5 Types of Corrosion to look out for that can affect Structural Integrity of Bridges

Integrity of bridges is imperative to the infrastructure of New Zealand, yet apart from doing annual inspections, the care of them is often neglected - until they get to replacement stage. Its strange, but organisations are often able to find millions of dollars for bridge replacement, but they couldn’t find the $100k 5 years back to prevent it corroding into this state!

A key point about corrosion in steel work is knowing what type of corrosion you’re dealing with. For instance a large area of plate steel with widespread general rusting can appear in a bad way, however it’s often very minor and simple to remedy.
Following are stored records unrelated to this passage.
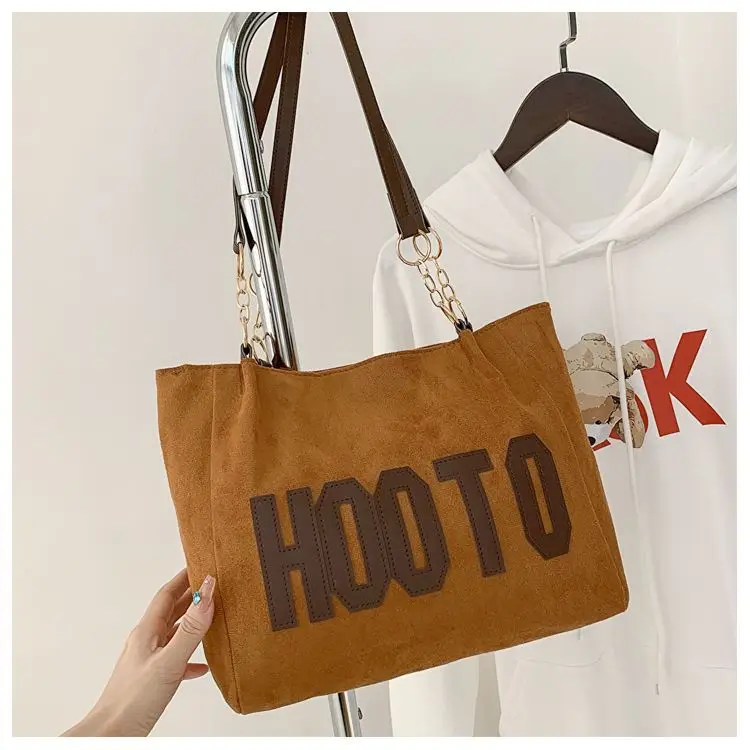 Women's Casual Shoulder Bag with Gold Chain & "HOT" Print — feature 32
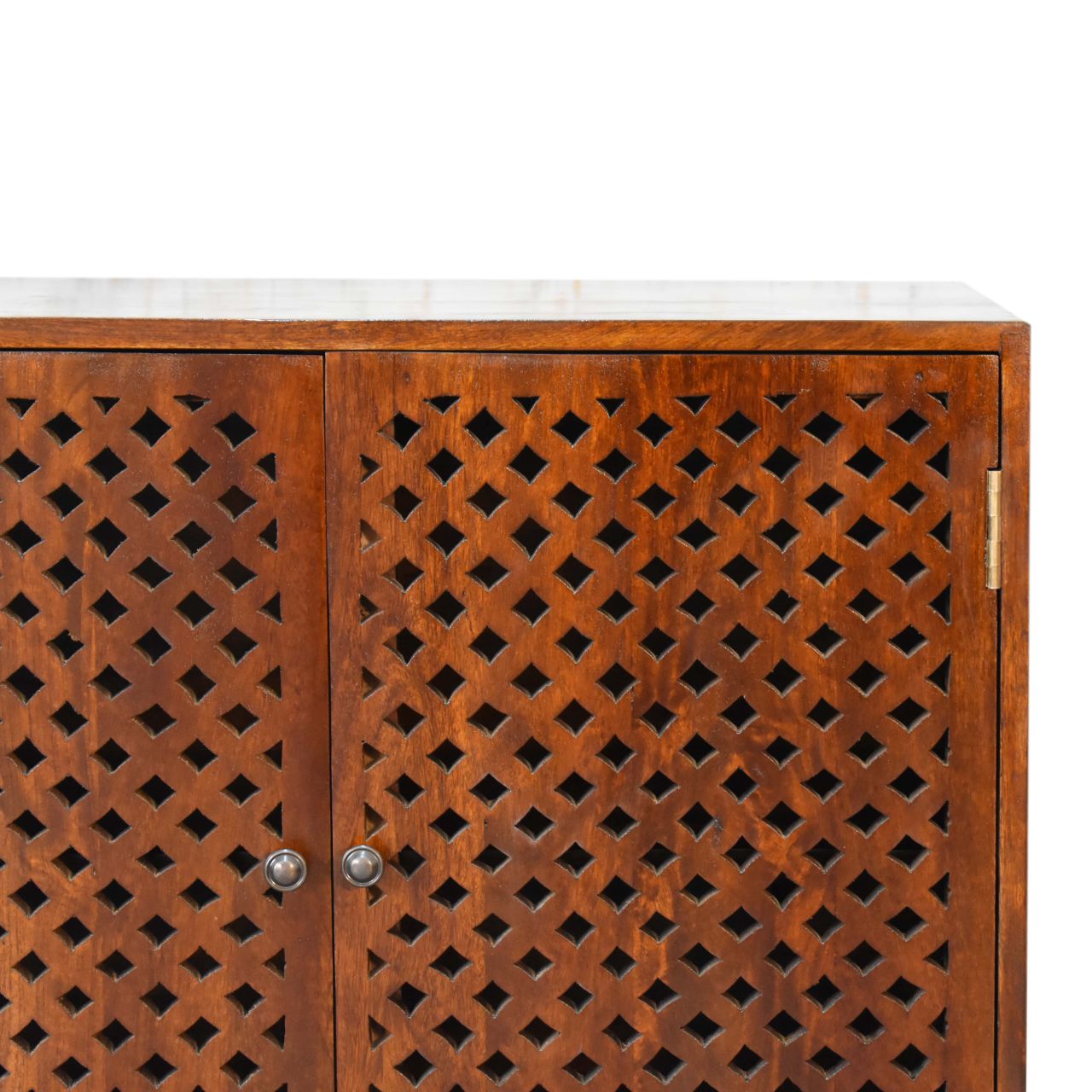 Solid Mango Wood Chestnut Finished Carved Front 2 Door Cabinet - Image 4
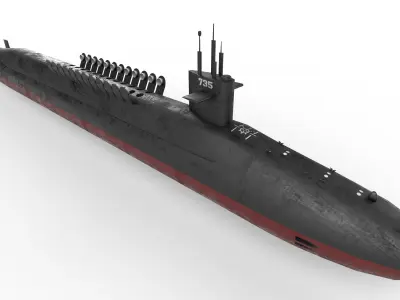 ohio class submarine lowpoly Low-poly 3D model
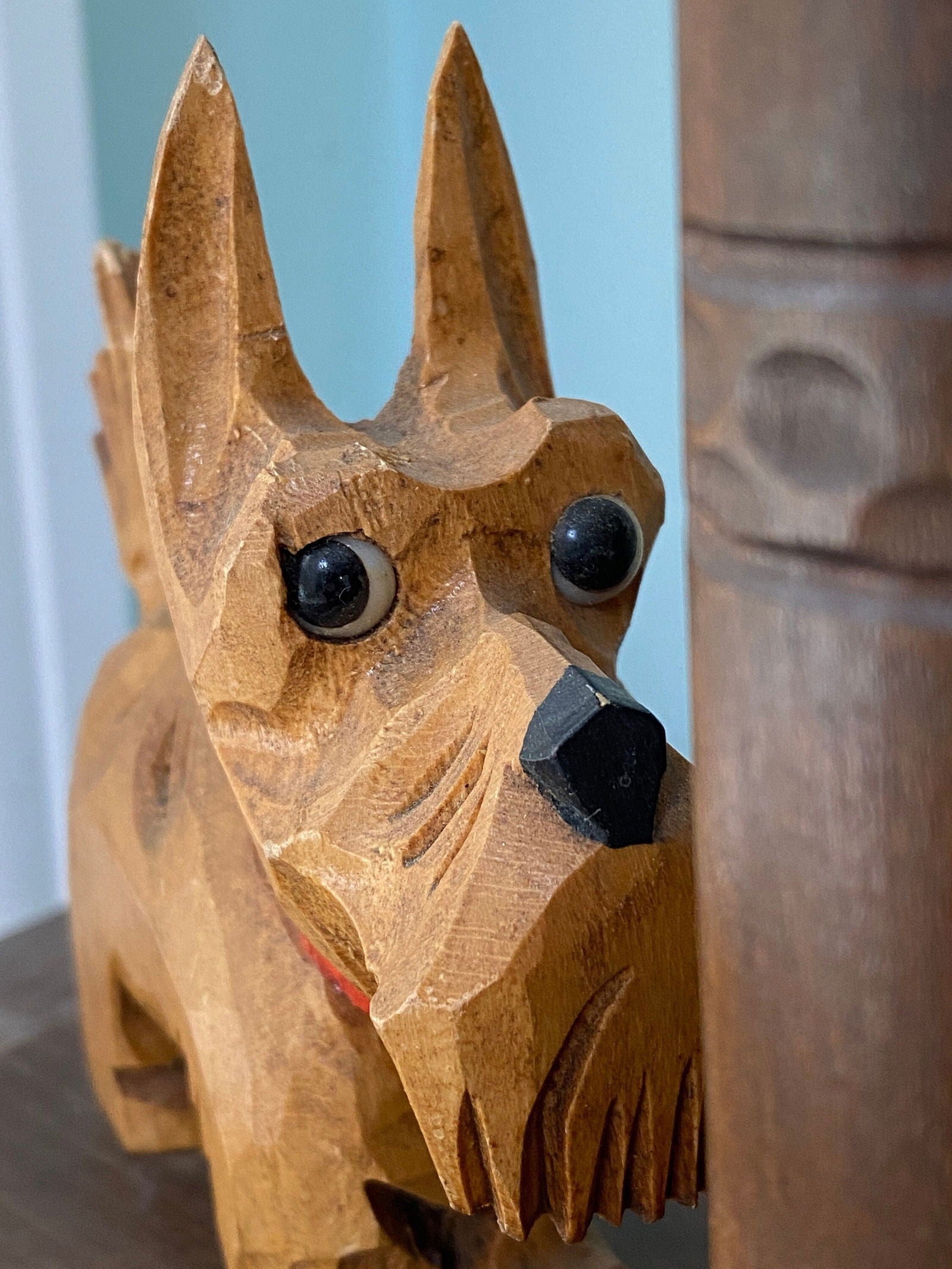 Vintage West German Scottie Dog Carved Wood Bookends - Duckwells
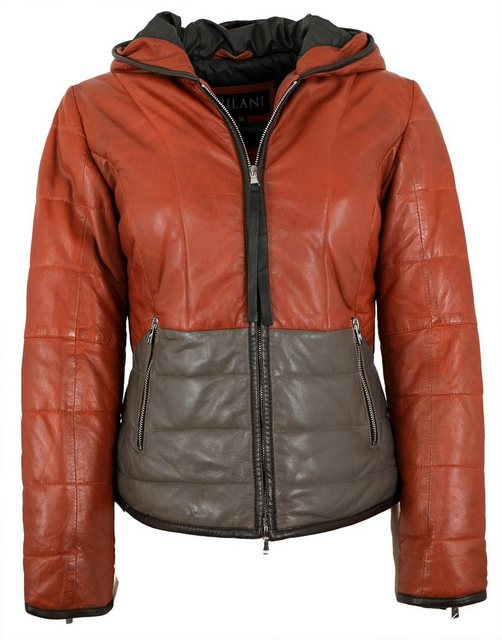 Jilani Lederjacke Tisa Echtleder Damen Lederjacke Steppjacke Lammnappa oran günstig online kaufen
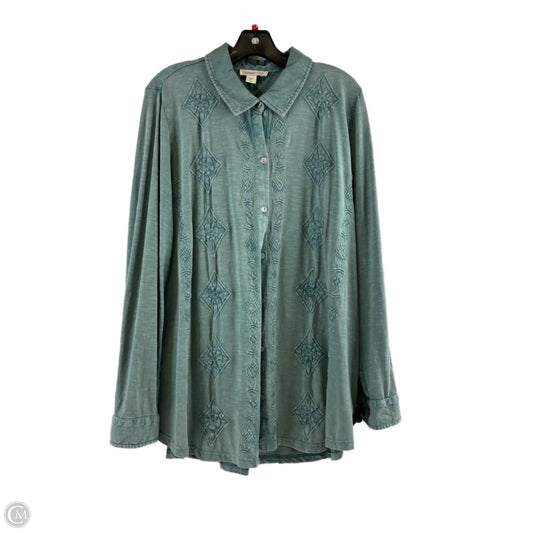 Top Long Sleeve By Coldwater Creek In Green, Size: Xl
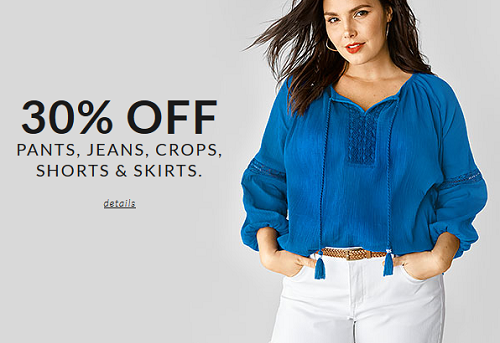 Lane Bryant - 30percent off pants, jeans, crops, shorts and skirts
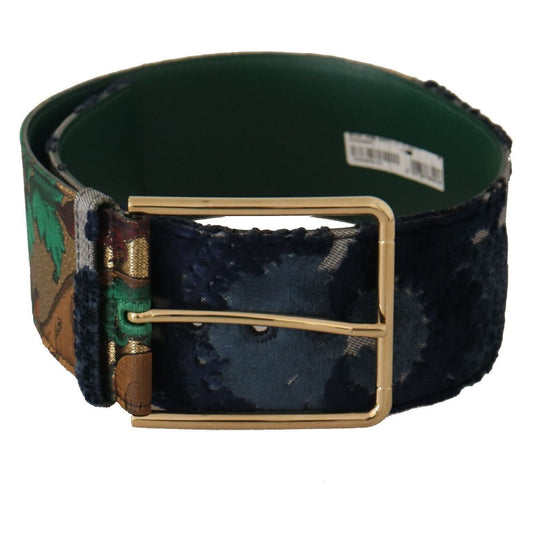 Dolce & Gabbana Elegant Leather Belt with Engraved Buckle Dolce & Gabbana Black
Conversely, a large steel component with almost no rust – yet one small area of galvanic corrosion can be structurally damaging.

This article explains the 5 main types of corrosion in brief:

1.Galvanic Corrosion- this is caused by two dissimilar metals connecting. An example may be a stainless bolt going through a steel beam. The two metals are obviously different, and the least noble of them (most corrosive) lasts ok while and the more noble metal corrodes. This is often the most serious type of corrosion and the structure can deteriorate very rapidly.

What to do about it? Small localised areas can typically be sandblasted back to clean metal and treated prior to recoating. However extensive galvanic corrosion of structural elements will often require and engineer to assess the structural integrity and put forward a better design to prevent reoccurrence.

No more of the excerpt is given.